Two places I’ve lived recently. Eugene for three years, where I started my marriage and ended grad school. La Mesa for just a month, but what an eventful month. It’s where I learned I was gonna be a dad.

This weekend, I saw the complex right behind my house in Eugene destroyed. A black female organizer tried to get three young, white twenty-somethings to stop smashing their skateboards into the windows of a Five Guys or T-Mobile, to no avail.

Multiple parts of La Mesa were set ablaze. I keep wondering about the taco shop where I told my parents they would be grandparents, the mom and pop Italian restaurant where we had a date night, or the used bookstore I could easily get lost in.

It’s disturbing to see cities you know set ablaze, but it’s important to be nuanced about what is happening. You can feel grieved to see your city in chaos. It’s wrong and inappropriate to police the emotions and response of the black community.

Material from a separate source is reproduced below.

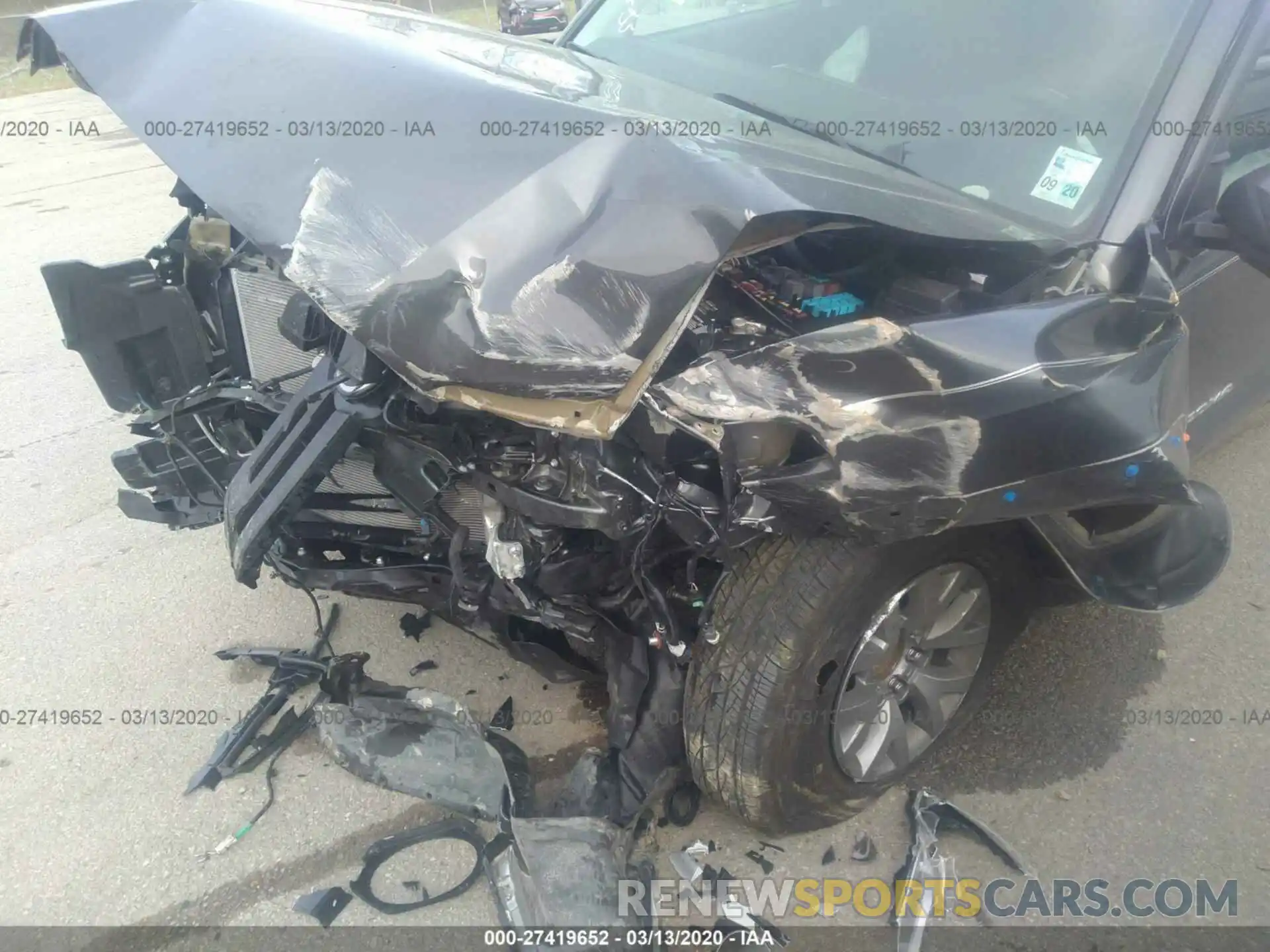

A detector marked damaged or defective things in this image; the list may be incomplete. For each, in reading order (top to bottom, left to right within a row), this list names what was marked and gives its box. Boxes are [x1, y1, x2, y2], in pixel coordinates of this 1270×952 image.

In most instances, demonstrations began peacefully, until tear gas was fired at the slightest discomfort. From Philly to Seattle to Beverly Hills. It was the opposite of de-escalation.

The protestors advocating for Black Lives are being met by agents of chaos with no real purpose, white supremacists, and disorganized people who aren’t following the leadership of activist leaders. It’s important to make these distinctions because the message of this moment should not be obscured. We must change.

MLK’s words still apply to this situation: A riot is the language of the unheard.

And I’m moved by the owner of Gandhi Mahal, an Indian restaurant destroyed in Minneapolis: “Let my building burn, Justice needs to be served.” Indeed you can repair buildings and restore cities. We cannot bring back lost lives.

We need peace- but not just the kind where our cities go back to “normal.” We need new systems where black lives are no longer senselessly lost like we’ve seen far too often.